DNA MTases (methyltransferases) catalyse the transfer of methyl groups to DNA from AdoMet (S-adenosyl-L-methionine) producing AdoHcy (S-adenosyl-L-homocysteine) and methylated DNA. The C5 and N4 positions of cytosine and N6 position of adenine are the target sites for methylation. All three methylation patterns are found in prokaryotes, whereas cytosine at the C5 position is the only methylation reaction that is known to occur in eukaryotes. In general, MTases are two-domain proteins comprising one large and one small domain with the DNA-binding cleft located at the domain interface.

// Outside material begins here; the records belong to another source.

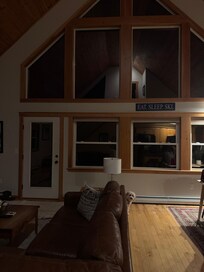 Daisy peeking out behind the couch on the first night! Too cute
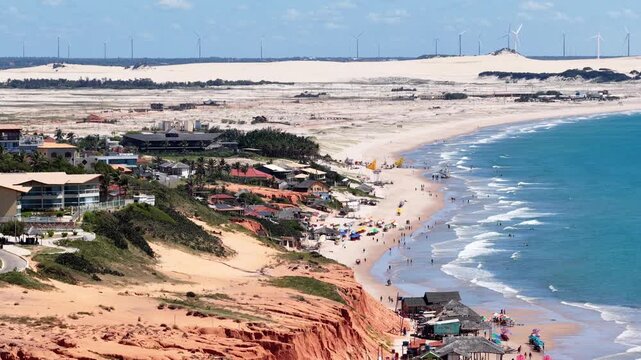 Canoa Quebrada beach, with wind turbines in the background. The red cliffs and sand dunes of Canoa Quebrada are what make this beach town famous. Brazil.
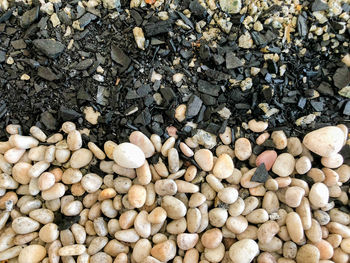 High angle view of stones on pebbles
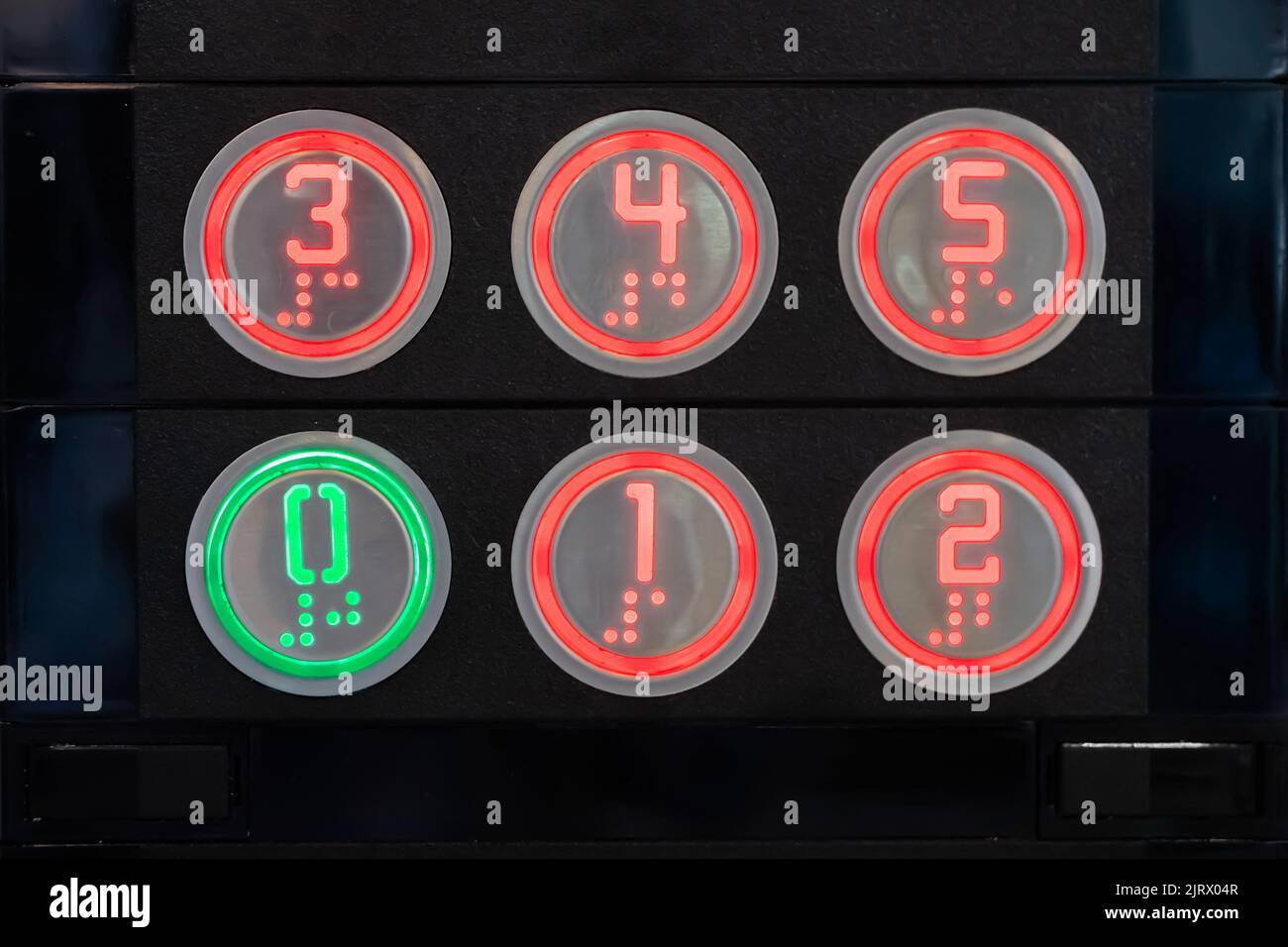 Elevator floor buttons on lift control panel at mall, hotel or business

The striking feature of all the structurally characterized DNA MTases is that they share a common core structure referred to as an 'AdoMet-dependent MTase fold'. DNA methylation has been reported to be essential for bacterial virulence, and it has been suggested that DNA adenine MTases (Dams) could be potential targets for both vaccines and antimicrobials. Drugs that block Dam could slow down bacterial growth and therefore drug-design initiatives could result in a whole new generation of antibiotics. The transfer of larger chemical entities in a MTase-catalysed reaction has been reported and this represents an interesting challenge for bio-organic chemists. In general, amino MTases could therefore be used as delivery systems for fluorescent or other reporter groups on to DNA. This is one of the potential applications of DNA MTases towards developing non-radioactive DNA probes and these could have interesting applications in molecular biology. Being nucleotide-sequence-specific, DNA MTases provide excellent model systems for studies on protein-DNA interactions. The focus of this review is on the chemistry, enzymology and structural aspects of exocyclic amino MTases.

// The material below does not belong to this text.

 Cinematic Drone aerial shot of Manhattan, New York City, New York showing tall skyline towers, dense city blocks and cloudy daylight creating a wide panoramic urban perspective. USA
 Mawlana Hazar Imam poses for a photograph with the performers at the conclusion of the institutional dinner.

Figure 1. Arrangement of conserved motifs in the primary structure of exocyclic DNA MTases

Figure 2. Comparison of the topologies and location of conserved motifs in DNA MTases of different families

Locations of the conserved motifs displayed on the framework of the structure of the large domain of C⁵-cytosine MTases. Topology and locations of important amino acid residues in different MTases are shown [5]: C⁵-cytosine MTases (A), α-class MTases (B), β-class MTases (C), and γ-class MTases (D). Adapted from [5] by permission of Wiley-VCH and the author.

Figure 3. Proposed reaction mechanisms for exocyclic DNA methylation

(A) Amino methylation via cationic intermediate [17]. (B) Proposed reaction mechanism for N⁴-cytosine MTases such as M.PvuII.

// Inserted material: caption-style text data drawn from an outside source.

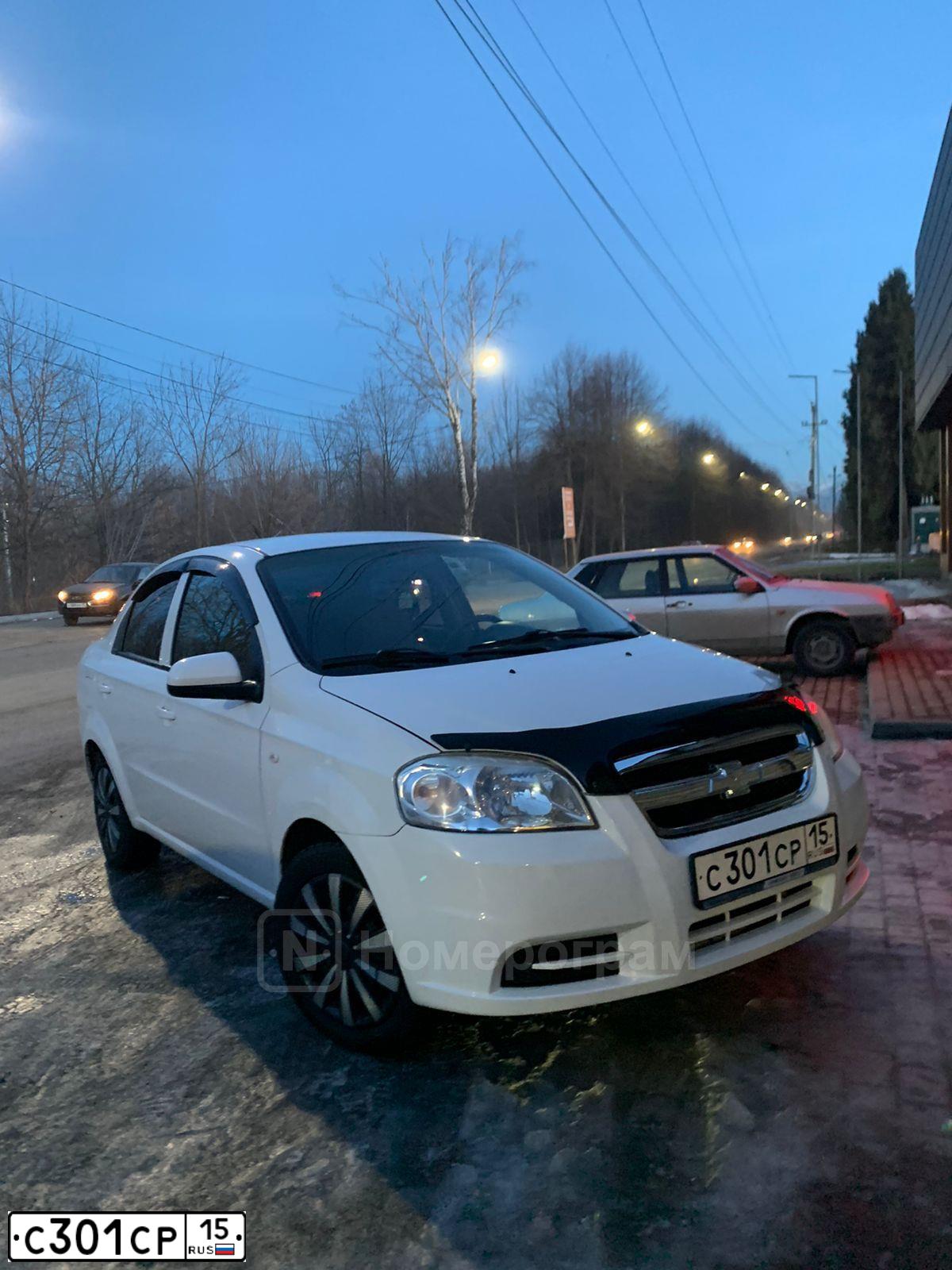 Фото автомобиля CHEVROLET AVEO, 2011 — госномер М111ММ15. Цвет: Белый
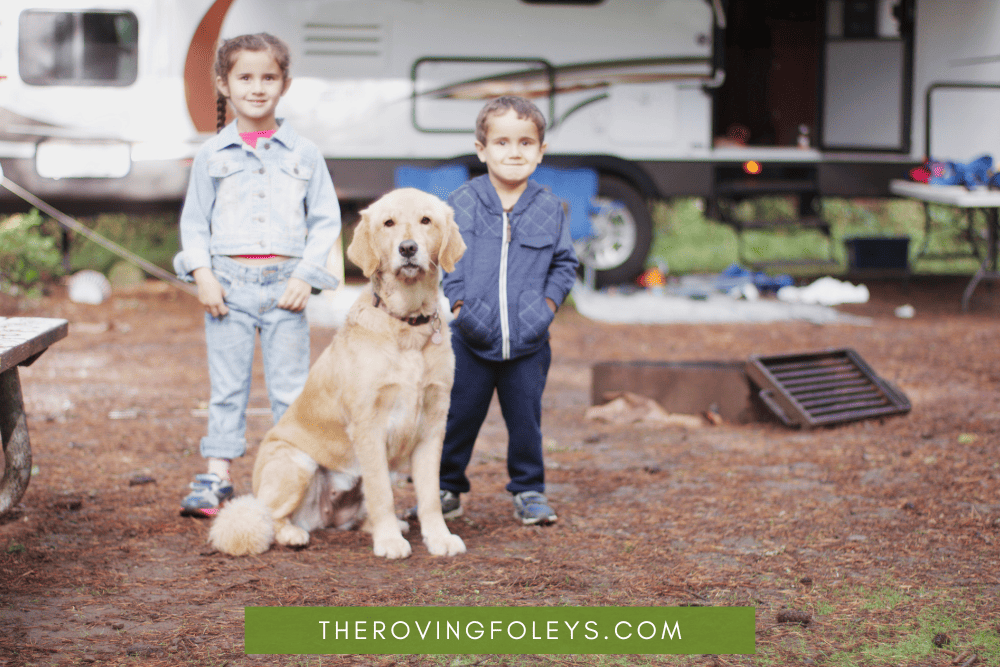 two kids and dog at campsite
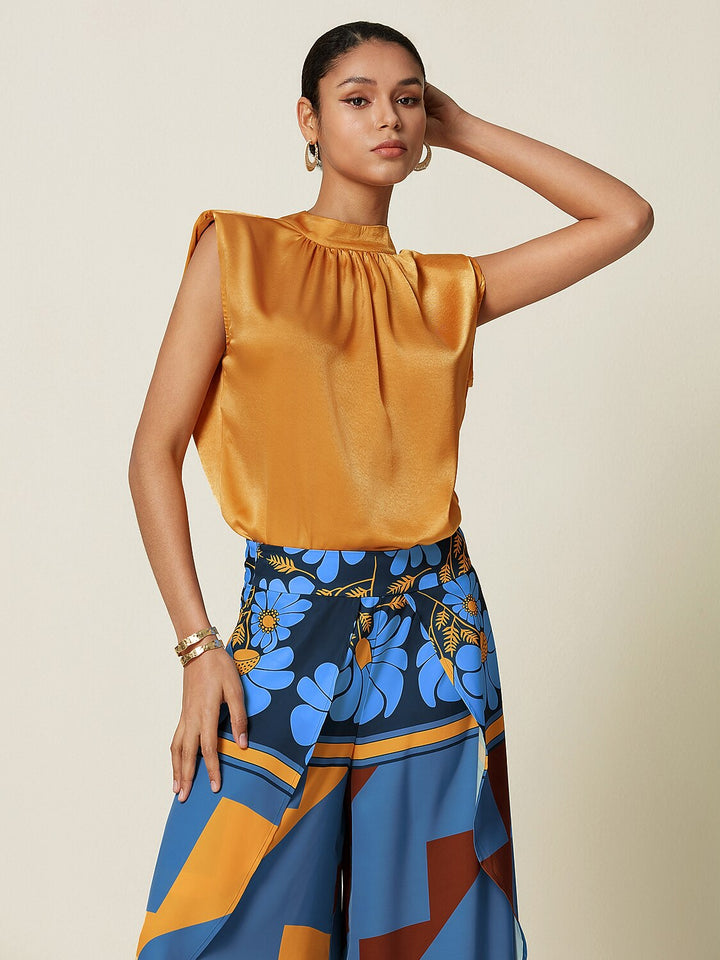 Silky satin sleeveless top with mock neck, featuring an elegant design for ladies, ideal for resort dinners and weekend brunches. 11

Figure 4. Sequential kinetic mechanisms observed with AdoMet-dependent DNA MTases

(A) Random Bi Bi mechanism. (B) Ordered mechanism, AdoMet binding first. (C) Ordered mechanism, DNA binding first. meDNA, methylated DNA.

Figure 5. Structures of exocyclic DNA MTases

(A) Three-dimensional structure of M.TaqI with DNA (PDB code 1G38). The DNA backbone in the structure is shown as arrows and base pairs are shown as blue rings. The nucleotide shown in blue and present within the protein back bone is the flipped target adenine. Tyr¹⁰⁸ and Phe¹⁹⁶ shown in yellow are present in the vicinity of flipped target adenine. (B) The crystal structure of two molecules of T4 Dam bound to a palindromic 12 bp DNA duplex in presence of AdoHcy (PDB code 1Q0T). The DNA backbone in the structure is shown as tubes, base pairs are shown as sticks and AdoHcy molecules are shown as space-filled models. (C) The crystal structure of DpnM with AdoMet (PDB code 2DPM). The AdoMet molecule in the structure is shown as a ball and stick model. (D) Three-dimensional structure of M.PvuII in presence of AdoHcy (PDB code 1B00). The AdoHcy molecule in the structure is shown as a ball and stick representation. (E) The crystal structure of M.RsrI in presence of AdoMet (PDB code 1NW5). The AdoMet molecule in the structure is shown as a ball and stick model. The two amino acids (Leu⁷² and Asp¹⁷³) are represented as space-fill models. (F) The crystal structure of MboIIA in the presence of AdoMet (PDB code 1G60). The AdoMet molecule in the structure shown in space-fill representation.